Background: Retinoic acid (RA) has proven to possess modest but distinct activity in metastatic renal cell carcinoma (RCC), at least in a subgroup of patients. However, the exact molecular mechanisms leading to success or failure of RA application in individual patients are still unknown. As earlier studies have indicated that in RCC the RA receptor (RAR) beta might play a central role in RA signaling, we investigated the expression of the isoforms RAR-b1+2 in primary conventional and chromophobe RCC.

Methods: We used quantitative RT-PCR methodology to study RAR-b1 and RAR-b2 expression in ten primary conventional RCC samples (clear cell type), in two chromophobe RCC specimens, and the respective corresponding normal kidney tissues. The housekeeping genes RPS9 and RPLP0 were applied to normalize differences in mRNA quality and quantity.
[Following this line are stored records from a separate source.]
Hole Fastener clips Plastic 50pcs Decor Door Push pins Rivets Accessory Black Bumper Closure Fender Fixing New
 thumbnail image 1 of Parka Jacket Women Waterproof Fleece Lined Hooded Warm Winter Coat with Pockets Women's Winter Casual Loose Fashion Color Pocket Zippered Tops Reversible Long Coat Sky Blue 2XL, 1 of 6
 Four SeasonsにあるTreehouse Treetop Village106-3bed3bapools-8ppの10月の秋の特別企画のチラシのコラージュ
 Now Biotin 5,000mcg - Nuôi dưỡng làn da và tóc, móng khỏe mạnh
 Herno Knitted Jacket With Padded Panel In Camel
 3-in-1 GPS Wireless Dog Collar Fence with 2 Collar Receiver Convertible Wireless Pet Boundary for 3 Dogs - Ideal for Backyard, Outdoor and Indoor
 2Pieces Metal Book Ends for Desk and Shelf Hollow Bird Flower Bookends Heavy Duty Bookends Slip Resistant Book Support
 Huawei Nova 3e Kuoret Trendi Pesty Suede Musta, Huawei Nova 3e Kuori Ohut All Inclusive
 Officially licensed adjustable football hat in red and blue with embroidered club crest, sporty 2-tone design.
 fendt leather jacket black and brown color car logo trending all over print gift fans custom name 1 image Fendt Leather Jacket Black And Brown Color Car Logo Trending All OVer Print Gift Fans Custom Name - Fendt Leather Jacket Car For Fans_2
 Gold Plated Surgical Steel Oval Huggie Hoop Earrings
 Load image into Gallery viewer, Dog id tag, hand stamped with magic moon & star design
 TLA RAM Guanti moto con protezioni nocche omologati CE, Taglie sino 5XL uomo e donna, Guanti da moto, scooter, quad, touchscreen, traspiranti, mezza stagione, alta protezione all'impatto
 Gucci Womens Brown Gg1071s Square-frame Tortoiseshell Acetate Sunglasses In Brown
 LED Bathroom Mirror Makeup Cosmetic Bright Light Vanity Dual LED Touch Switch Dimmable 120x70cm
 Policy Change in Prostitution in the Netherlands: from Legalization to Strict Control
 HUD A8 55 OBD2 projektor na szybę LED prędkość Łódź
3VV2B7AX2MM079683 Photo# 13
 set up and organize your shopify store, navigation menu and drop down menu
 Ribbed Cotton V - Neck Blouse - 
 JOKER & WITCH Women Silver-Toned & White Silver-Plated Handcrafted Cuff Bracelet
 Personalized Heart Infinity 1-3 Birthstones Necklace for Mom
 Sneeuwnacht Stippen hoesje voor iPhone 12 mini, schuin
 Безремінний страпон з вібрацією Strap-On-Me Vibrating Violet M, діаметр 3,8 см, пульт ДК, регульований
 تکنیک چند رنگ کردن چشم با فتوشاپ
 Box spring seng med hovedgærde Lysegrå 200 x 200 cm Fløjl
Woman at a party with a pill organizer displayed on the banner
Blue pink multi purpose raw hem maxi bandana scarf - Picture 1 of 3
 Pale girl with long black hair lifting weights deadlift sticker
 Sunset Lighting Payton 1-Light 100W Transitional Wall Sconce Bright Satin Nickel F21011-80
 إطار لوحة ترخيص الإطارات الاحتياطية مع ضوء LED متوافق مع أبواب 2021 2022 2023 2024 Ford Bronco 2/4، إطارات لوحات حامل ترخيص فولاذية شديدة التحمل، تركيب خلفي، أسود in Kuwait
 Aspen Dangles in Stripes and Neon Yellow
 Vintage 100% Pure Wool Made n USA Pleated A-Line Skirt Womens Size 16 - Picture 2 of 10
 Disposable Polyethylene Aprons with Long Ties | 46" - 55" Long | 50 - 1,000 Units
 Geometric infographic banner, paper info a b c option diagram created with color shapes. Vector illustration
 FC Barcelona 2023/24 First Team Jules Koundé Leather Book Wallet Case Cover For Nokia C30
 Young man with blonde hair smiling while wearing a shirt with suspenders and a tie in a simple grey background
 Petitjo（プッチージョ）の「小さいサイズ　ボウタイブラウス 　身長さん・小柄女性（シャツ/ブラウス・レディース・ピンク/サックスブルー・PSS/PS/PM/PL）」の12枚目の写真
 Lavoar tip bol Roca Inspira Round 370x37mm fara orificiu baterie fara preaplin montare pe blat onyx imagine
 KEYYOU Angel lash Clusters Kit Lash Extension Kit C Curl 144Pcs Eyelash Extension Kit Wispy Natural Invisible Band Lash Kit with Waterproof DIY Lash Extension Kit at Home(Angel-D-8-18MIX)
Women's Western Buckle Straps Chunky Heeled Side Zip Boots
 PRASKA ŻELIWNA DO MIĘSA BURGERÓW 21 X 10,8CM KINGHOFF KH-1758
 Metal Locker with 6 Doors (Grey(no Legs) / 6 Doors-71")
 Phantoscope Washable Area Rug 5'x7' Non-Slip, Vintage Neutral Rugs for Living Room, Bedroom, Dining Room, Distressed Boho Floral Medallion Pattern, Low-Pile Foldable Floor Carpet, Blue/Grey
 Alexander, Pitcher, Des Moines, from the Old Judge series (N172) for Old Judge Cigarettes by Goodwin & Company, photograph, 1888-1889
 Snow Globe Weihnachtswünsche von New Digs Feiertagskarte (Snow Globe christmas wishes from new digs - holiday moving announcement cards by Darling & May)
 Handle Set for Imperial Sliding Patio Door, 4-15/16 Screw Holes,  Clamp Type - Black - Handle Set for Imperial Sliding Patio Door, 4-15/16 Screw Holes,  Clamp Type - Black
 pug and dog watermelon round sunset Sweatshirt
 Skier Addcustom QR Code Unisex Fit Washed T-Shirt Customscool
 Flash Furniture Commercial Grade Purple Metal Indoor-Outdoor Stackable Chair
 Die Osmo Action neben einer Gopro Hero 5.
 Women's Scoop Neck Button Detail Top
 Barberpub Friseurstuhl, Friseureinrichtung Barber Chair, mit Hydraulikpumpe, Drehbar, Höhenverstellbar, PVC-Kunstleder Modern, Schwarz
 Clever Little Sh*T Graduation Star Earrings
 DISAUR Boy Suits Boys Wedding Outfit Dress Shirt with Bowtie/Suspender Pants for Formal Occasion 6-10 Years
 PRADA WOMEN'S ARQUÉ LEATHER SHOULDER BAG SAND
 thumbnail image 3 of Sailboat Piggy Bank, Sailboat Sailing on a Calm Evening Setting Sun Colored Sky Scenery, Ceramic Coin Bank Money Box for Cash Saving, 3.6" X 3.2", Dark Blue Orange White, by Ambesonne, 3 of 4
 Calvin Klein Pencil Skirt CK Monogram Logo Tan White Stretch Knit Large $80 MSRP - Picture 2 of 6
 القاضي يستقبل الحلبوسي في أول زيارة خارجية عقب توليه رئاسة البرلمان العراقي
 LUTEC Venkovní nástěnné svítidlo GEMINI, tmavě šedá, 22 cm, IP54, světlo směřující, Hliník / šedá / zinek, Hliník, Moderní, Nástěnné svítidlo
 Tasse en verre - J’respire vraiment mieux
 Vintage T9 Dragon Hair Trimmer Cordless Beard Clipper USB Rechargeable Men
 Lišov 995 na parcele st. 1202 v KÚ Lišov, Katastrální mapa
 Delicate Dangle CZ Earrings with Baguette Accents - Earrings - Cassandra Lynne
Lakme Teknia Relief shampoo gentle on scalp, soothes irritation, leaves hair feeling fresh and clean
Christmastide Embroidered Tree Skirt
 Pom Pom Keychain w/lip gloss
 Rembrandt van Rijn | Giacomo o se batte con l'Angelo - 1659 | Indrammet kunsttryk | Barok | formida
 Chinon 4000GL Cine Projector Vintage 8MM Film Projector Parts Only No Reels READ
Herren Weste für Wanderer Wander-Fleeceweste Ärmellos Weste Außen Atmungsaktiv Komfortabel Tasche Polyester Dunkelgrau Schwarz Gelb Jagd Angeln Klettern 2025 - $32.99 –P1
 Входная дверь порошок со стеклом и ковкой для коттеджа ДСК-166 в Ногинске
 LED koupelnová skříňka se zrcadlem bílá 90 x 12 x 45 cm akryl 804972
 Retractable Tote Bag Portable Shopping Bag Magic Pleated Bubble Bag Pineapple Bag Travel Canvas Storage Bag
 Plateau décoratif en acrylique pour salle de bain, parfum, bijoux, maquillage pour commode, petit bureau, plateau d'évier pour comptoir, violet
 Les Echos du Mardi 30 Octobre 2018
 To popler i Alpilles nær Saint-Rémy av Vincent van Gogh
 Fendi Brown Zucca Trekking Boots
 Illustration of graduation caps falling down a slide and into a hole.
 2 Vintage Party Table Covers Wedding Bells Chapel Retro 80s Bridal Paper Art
Results: In contrast to conventional RCC samples, RAR-b1 was significantly overexpressed in both chromophobe tumors compared to the adjacent normal kidney tissue (p=0.03). On the contrary, RAR-b2 expression did neither differ significantly between conventional and chromophobe RCC (p=0.91) nor between malignant and normal kidney tissue (p≥0.47).

Conclusion: We demonstrate for the first time a significant and specific overexpression of RAR-b1 in chromophobe RCC. In future we will have to confirm this result within a larger number of samples. Moreover, recent clinical trials that assessed the application of RA in RCC should be re-evaluated regarding whether patients with metastatic chromophobe RCC responded better to RA treatment compared to those who suffered from conventional RCC. Provided that they did, the specific application of RA could be an interesting therapeutic option for patients with metastatic chromophobe RCC.